GM – FBF – Black Music Month is almost over and you have listened to and viewed some of the great Individual artists of our time. When I was getting my first Master’s in Wisconsin, Radio & Television Broadcasting. My teacher would always single me out since I was working on one of the biggest radio stations in the mid-west and he asked me did I know about “The Last Slave” and played :30 seconds of “The Battle of Manassas” being embarrassed I listened to Tom Wiggins, George Washington Johnson, Scott Joplin and W.C. Handy. Today let’s gain knowledge of “The Last Slave”, Enjoy!
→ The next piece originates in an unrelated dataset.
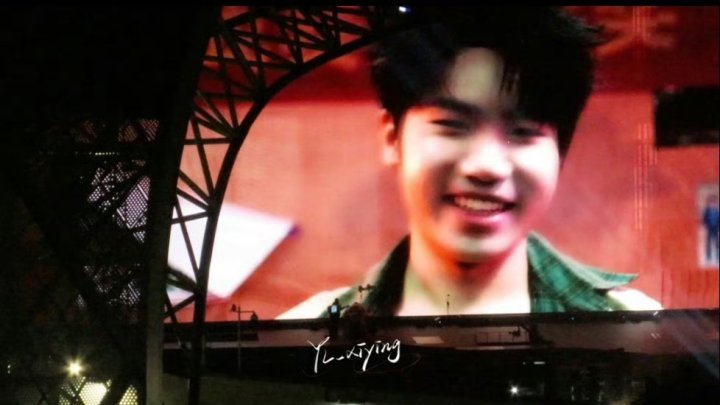 花海出演时代少年团短片，哇塞塞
Remember – Ray Charles attended school at the Florida School for the Deaf and the Blind in St. Augustine from 1937 to 1945 and his musical teacher Mrs. Lawrence would play some old beautiful songs by “The Last Slave” and always told me that I could be just as good as “Blind Tom Wiggins”, I set out to be better – Ray Charles
Today in our History – June 13, 1908 – THE LAST SLAVE DIES
Thomas Greene Wiggins was born
May 25, 1849 to Mungo and Charity Wiggins, slaves on a Georgia plantation. He
was blind and autistic but a musical genius with a phenomenal memory. In 1850
Tom, his parents, and two brothers were sold to James Neil Bethune,a lawyer and
newspaper editor in Columbus, Georgia. Young Tom was fascinated by music and
other sounds, and could pick out tunes on the piano by the age of four. He made
his concert debut at eight, performing in Atlanta.
In 1858 Tom was hired out as a slave-musician, at a price of $15,000. In 1859, at the age of 10, he became the first African American performer to play at the White House when he gave a concert before President James Buchanan. His piano pieces “Oliver Galop” and “Virginia” Polka” were published in 1860. During the Civil War he was back with his owner, raising funds for Confederate relief. By 1863 he played his own composition, “Battle of Manassas.” . This continued guardianship of Blind Tom by the Bethune family following emancipation caused some to refer to Wiggins as “the last slave.”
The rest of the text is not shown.